> _WHAT THE TASK ASKS_:
The answer consists solely of the listing's lines from the first through the line containing "Jic Hydraulic Fitting Manufacturer", each reproduced exactly.

> _PROVIDED INFORMATION_:

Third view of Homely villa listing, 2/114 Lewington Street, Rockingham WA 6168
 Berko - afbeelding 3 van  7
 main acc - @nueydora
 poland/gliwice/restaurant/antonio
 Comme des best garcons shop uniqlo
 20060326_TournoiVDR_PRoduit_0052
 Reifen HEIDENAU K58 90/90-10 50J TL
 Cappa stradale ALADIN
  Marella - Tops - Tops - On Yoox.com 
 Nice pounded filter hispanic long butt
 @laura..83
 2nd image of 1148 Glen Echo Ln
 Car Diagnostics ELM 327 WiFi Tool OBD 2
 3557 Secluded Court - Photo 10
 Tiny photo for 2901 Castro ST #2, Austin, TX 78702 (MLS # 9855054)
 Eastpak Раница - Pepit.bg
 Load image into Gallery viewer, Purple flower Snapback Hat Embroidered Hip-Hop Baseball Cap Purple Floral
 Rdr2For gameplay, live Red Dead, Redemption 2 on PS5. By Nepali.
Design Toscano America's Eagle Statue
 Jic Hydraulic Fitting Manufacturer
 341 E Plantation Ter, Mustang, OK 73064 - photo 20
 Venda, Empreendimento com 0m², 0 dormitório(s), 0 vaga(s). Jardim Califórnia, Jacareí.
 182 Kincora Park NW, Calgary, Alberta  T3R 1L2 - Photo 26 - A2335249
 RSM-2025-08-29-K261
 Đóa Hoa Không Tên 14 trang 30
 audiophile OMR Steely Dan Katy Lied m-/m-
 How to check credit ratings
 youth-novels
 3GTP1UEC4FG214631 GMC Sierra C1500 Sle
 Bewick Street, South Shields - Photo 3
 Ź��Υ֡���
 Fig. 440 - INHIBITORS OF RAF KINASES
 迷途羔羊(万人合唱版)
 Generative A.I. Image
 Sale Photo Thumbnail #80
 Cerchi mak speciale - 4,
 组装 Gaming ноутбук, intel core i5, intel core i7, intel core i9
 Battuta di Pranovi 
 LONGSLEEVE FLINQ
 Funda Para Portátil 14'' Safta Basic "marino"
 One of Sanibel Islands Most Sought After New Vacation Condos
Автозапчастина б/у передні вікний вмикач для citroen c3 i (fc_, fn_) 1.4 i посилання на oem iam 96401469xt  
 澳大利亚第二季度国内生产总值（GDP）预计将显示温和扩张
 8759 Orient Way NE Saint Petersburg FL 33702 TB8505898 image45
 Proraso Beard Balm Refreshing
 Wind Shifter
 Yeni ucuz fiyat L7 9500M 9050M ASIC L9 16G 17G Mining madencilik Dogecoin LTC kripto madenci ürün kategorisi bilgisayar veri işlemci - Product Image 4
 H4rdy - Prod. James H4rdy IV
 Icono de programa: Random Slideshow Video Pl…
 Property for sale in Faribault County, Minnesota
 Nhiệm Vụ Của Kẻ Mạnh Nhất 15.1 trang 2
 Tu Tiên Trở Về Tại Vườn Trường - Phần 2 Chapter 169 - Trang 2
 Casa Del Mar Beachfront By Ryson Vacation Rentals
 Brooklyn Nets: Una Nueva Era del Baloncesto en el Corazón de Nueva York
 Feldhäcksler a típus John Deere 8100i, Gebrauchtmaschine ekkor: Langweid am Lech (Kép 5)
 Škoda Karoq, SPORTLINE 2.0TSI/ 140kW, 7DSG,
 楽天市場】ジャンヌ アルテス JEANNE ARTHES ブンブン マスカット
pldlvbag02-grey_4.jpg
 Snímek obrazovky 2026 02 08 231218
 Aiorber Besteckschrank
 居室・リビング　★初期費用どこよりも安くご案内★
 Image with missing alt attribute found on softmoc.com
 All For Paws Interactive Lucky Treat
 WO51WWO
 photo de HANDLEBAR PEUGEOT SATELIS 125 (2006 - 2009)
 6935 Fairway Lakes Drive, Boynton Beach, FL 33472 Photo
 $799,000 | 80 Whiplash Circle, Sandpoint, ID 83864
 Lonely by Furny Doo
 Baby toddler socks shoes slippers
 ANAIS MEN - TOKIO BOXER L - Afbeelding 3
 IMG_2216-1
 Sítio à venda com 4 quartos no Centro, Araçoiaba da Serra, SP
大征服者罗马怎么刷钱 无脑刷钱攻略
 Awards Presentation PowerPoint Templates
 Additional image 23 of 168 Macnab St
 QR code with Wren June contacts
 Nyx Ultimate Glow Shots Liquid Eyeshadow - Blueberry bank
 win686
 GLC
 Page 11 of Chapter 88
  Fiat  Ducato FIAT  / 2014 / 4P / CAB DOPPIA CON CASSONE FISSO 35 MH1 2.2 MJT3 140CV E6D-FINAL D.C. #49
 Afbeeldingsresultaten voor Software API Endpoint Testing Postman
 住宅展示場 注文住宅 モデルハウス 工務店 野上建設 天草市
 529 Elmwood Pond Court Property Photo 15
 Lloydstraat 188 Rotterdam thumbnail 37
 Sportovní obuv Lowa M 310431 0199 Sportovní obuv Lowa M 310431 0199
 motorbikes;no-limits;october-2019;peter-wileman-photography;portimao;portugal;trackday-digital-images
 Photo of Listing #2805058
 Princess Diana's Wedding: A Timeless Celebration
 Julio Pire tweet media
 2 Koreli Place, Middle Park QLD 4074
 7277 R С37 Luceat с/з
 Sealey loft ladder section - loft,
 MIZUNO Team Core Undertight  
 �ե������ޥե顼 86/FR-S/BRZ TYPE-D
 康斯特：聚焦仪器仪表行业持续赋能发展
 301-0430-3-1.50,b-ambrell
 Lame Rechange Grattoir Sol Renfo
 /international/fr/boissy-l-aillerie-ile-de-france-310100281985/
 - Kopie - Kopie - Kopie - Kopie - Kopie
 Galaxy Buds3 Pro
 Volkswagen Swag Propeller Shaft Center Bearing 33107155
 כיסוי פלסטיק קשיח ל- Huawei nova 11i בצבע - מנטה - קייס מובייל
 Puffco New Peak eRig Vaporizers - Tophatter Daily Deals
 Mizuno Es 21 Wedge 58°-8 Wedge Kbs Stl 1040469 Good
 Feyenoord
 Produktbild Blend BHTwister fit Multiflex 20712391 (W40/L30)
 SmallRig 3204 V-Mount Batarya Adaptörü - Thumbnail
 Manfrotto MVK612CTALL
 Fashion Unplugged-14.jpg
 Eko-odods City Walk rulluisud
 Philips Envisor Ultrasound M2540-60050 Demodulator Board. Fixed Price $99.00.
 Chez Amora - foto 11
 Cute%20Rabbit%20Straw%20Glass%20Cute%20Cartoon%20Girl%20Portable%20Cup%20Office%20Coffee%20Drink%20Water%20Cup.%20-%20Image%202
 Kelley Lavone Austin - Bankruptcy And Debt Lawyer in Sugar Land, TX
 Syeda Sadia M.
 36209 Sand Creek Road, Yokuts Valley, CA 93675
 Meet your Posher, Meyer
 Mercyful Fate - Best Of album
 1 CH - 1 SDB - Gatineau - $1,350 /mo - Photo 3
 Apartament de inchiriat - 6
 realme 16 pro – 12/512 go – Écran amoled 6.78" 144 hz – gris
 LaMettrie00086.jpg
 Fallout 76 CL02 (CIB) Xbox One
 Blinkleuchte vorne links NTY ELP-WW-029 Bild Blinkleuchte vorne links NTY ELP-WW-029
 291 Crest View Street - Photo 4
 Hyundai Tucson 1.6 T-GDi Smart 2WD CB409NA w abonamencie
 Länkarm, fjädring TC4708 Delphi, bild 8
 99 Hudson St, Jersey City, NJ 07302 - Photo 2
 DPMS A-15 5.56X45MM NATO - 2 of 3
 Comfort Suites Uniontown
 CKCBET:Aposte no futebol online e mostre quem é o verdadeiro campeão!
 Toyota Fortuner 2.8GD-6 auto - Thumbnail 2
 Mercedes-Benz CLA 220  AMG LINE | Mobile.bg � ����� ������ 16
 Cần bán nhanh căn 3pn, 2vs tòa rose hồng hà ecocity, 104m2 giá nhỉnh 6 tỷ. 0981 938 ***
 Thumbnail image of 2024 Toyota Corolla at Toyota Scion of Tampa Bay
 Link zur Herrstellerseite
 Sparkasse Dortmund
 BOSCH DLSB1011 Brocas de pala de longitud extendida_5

> _EXERCISE RESPONSE_:
Third view of Homely villa listing, 2/114 Lewington Street, Rockingham WA 6168
 Berko - afbeelding 3 van  7
 main acc - @nueydora
 poland/gliwice/restaurant/antonio
 Comme des best garcons shop uniqlo
 20060326_TournoiVDR_PRoduit_0052
 Reifen HEIDENAU K58 90/90-10 50J TL
 Cappa stradale ALADIN
  Marella - Tops - Tops - On Yoox.com 
 Nice pounded filter hispanic long butt
 @laura..83
 2nd image of 1148 Glen Echo Ln
 Car Diagnostics ELM 327 WiFi Tool OBD 2
 3557 Secluded Court - Photo 10
 Tiny photo for 2901 Castro ST #2, Austin, TX 78702 (MLS # 9855054)
 Eastpak Раница - Pepit.bg
 Load image into Gallery viewer, Purple flower Snapback Hat Embroidered Hip-Hop Baseball Cap Purple Floral
 Rdr2For gameplay, live Red Dead, Redemption 2 on PS5. By Nepali.
Design Toscano America's Eagle Statue
 Jic Hydraulic Fitting Manufacturer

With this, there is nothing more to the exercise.